> **INPUT**
┏━━
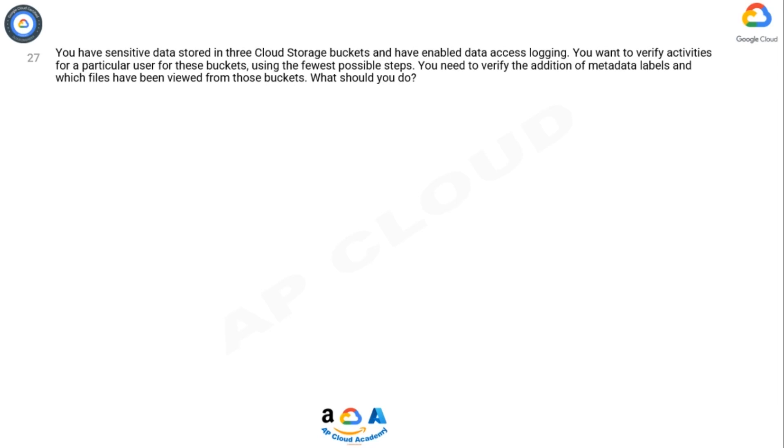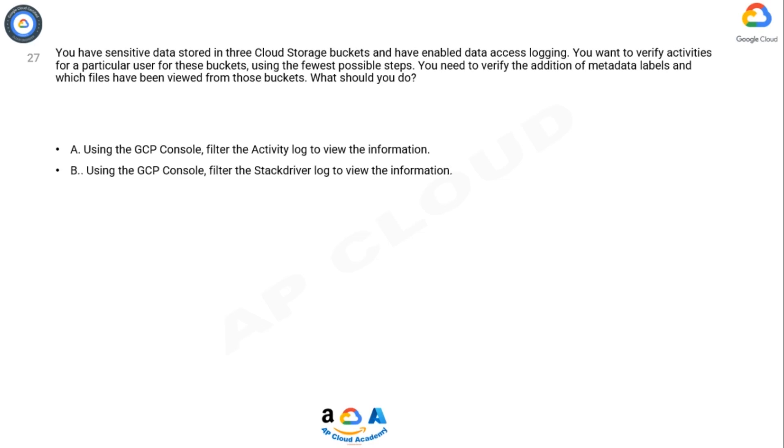Option A: Using the GCP Console, filter the Activity log to view the information. Option B: Using the GCP Console, filter the Stackdriver log to view the information.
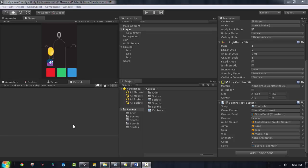Welcome back everybody to this lesson. In the previous lesson we saw how to make the player collide with the coins and how to detect that collision. In this lesson we want to make some more enhancements on the game. We need to increase the number of boxes, increase the number of coins, and add movement to the world of this game.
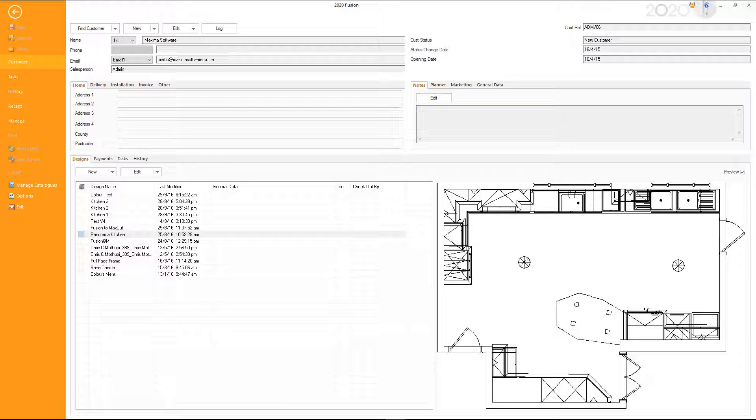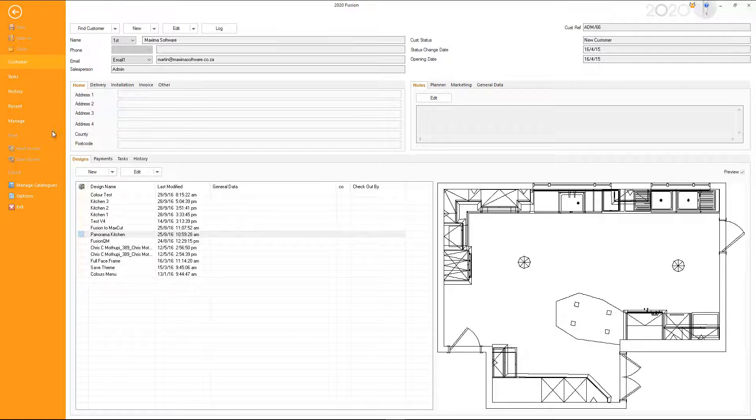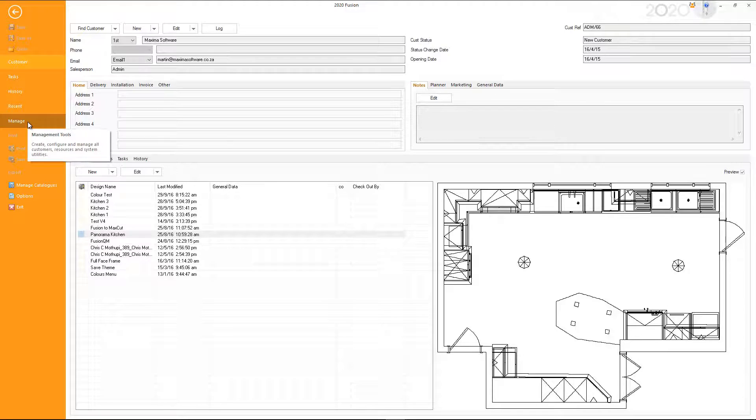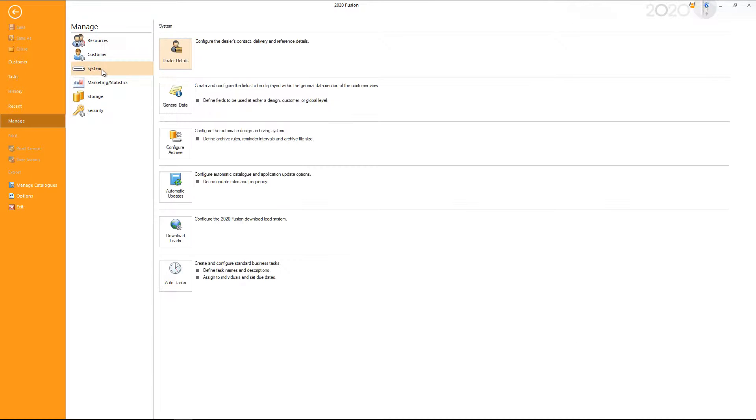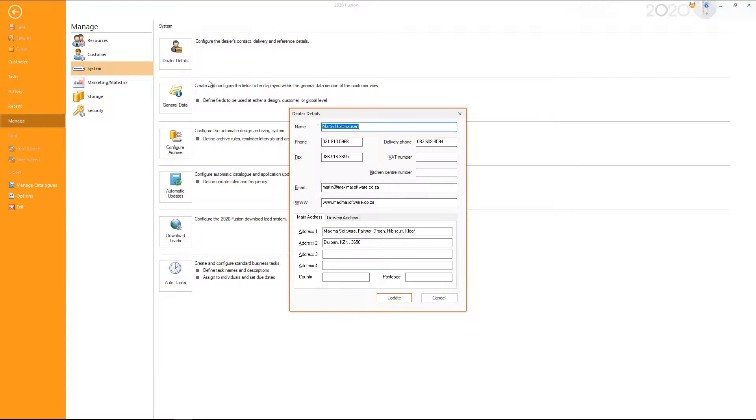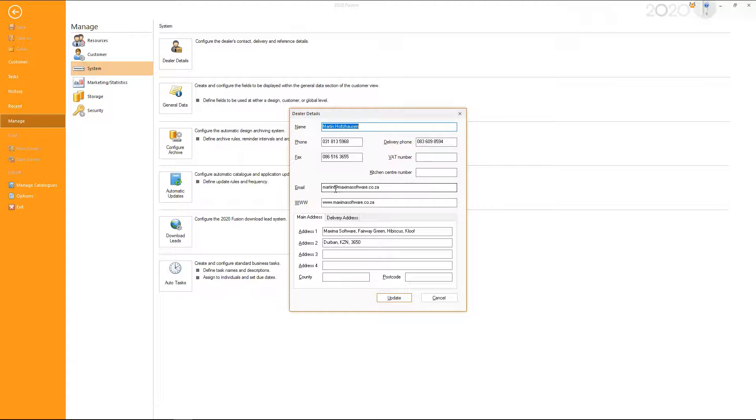The first thing that you need to do is set up your dealer details. So you go to manage, then you go to system and then you click dealer details. Here you fill in your information, so your name, your telephone number, and so forth. What's very important here is you need your email address to be in here. So that's the first thing that you need.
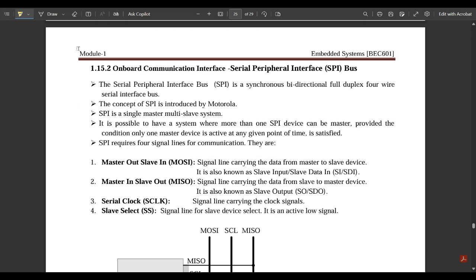Next is the onboard communication interface: SPI bus, that is Serial Peripheral Interface bus. The SPI bus is a synchronous, bidirectional, full-duplex, four-wired serial interface bus. The concept of SPI was introduced by Motorola. It is a single master, multi-slave system, though it is possible to have more than one SPI device as master provided only one master device is active at any given point of time.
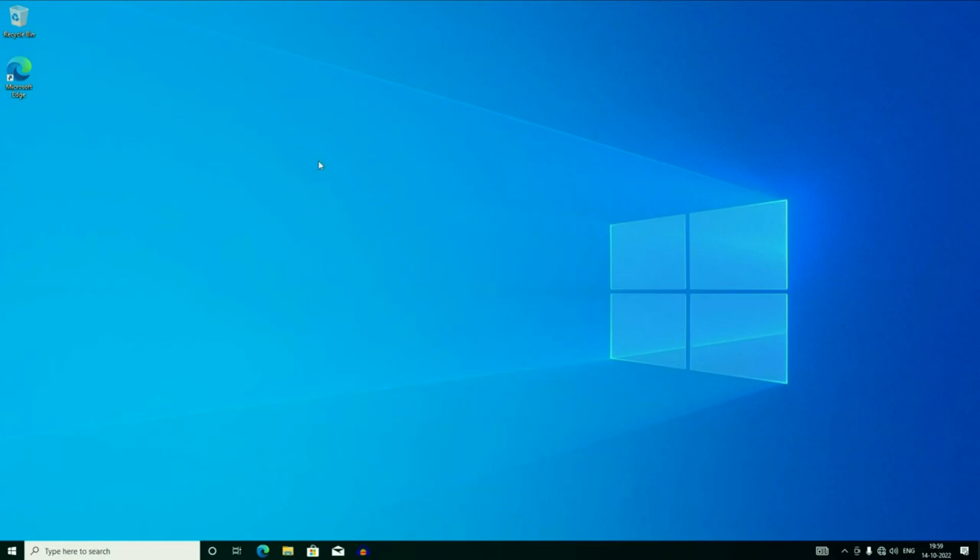Now you can see the downgrade process has been completed and I am back to Windows 10.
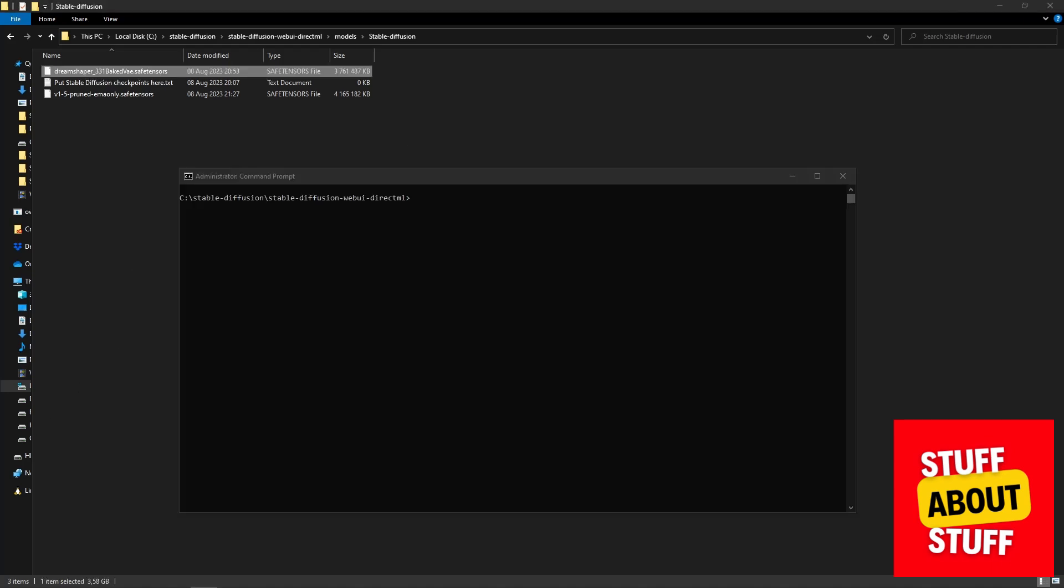We've now added the extra model to Stable Diffusion and we've also configured it for the amount of video RAM available. Execute the webui-user.bat file and it should launch with the updated config.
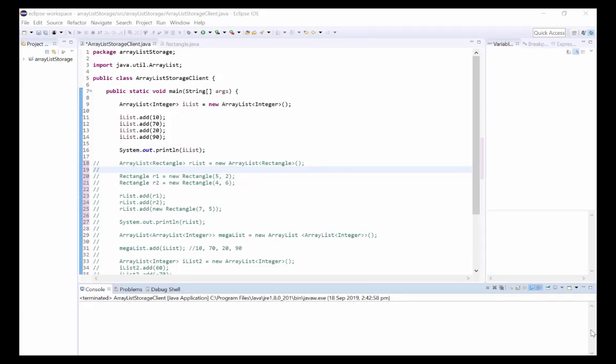Hi guys, today we're going to be looking at how ArrayLists are stored in memory. First of all, it's important to note that ArrayLists hold objects, not primitive data types such as int or char.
┗━━
> **EXERCISE INSTRUCTIONS**
Repeat each line of the listing word for word, from the first through the line that contains "The first thing that you need to". Any picture stays out.

> **EXERCISE OUTPUT**
Option A: Using the GCP Console, filter the Activity log to view the information. Option B: Using the GCP Console, filter the Stackdriver log to view the information.
Welcome back everybody to this lesson. In the previous lesson we saw how to make the player collide with the coins and how to detect that collision. In this lesson we want to make some more enhancements on the game. We need to increase the number of boxes, increase the number of coins, and add movement to the world of this game.
The first thing that you need to do is set up your dealer details. So you go to manage, then you go to system and then you click dealer details. Here you fill in your information, so your name, your telephone number, and so forth. What's very important here is you need your email address to be in here. So that's the first thing that you need.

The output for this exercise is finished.